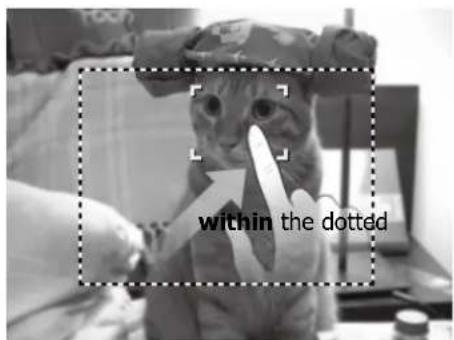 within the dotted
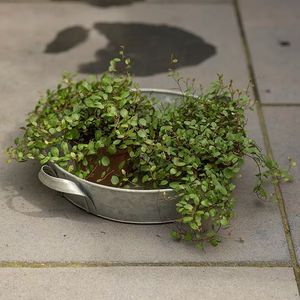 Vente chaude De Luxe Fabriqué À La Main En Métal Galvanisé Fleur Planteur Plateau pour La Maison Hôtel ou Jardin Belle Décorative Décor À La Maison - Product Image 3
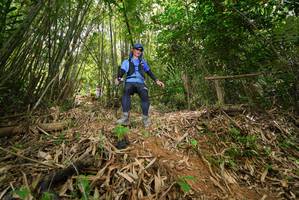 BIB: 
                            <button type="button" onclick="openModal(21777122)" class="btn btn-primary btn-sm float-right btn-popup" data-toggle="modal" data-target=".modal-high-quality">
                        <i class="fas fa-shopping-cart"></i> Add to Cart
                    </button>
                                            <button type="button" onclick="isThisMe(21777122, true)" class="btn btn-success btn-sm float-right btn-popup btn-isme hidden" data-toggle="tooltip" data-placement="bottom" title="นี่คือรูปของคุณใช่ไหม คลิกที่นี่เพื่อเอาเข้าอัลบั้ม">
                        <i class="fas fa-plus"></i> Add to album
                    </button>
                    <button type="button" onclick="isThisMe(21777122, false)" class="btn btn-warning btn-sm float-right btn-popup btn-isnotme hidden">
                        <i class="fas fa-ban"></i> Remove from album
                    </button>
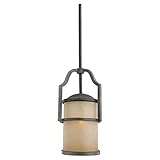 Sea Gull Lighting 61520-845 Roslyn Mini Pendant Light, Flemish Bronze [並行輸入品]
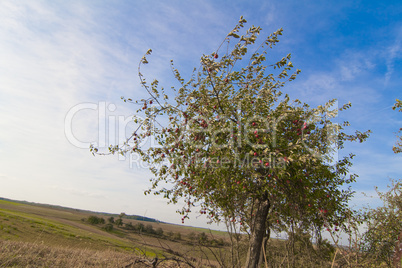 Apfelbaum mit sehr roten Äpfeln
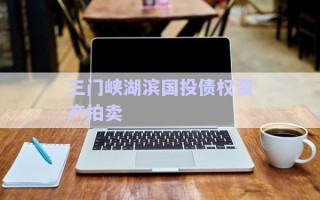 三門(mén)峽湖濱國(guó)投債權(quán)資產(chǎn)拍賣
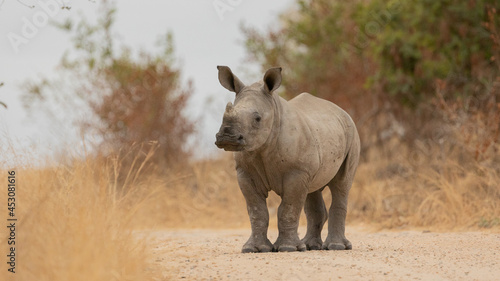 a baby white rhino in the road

::::::::::

WORK TASK: Your task is to restate every record word for word. Omit all pictures.

REPLY:
 within the dotted
 Vente chaude De Luxe Fabriqué À La Main En Métal Galvanisé Fleur Planteur Plateau pour La Maison Hôtel ou Jardin Belle Décorative Décor À La Maison - Product Image 3
 BIB: 
                            <button type="button" onclick="openModal(21777122)" class="btn btn-primary btn-sm float-right btn-popup" data-toggle="modal" data-target=".modal-high-quality">
                        <i class="fas fa-shopping-cart"></i> Add to Cart
                    </button>
                                            <button type="button" onclick="isThisMe(21777122, true)" class="btn btn-success btn-sm float-right btn-popup btn-isme hidden" data-toggle="tooltip" data-placement="bottom" title="นี่คือรูปของคุณใช่ไหม คลิกที่นี่เพื่อเอาเข้าอัลบั้ม">
                        <i class="fas fa-plus"></i> Add to album
                    </button>
                    <button type="button" onclick="isThisMe(21777122, false)" class="btn btn-warning btn-sm float-right btn-popup btn-isnotme hidden">
                        <i class="fas fa-ban"></i> Remove from album
                    </button>
 Sea Gull Lighting 61520-845 Roslyn Mini Pendant Light, Flemish Bronze [並行輸入品]
 Apfelbaum mit sehr roten Äpfeln
 三門(mén)峽湖濱國(guó)投債權(quán)資產(chǎn)拍賣
 a baby white rhino in the road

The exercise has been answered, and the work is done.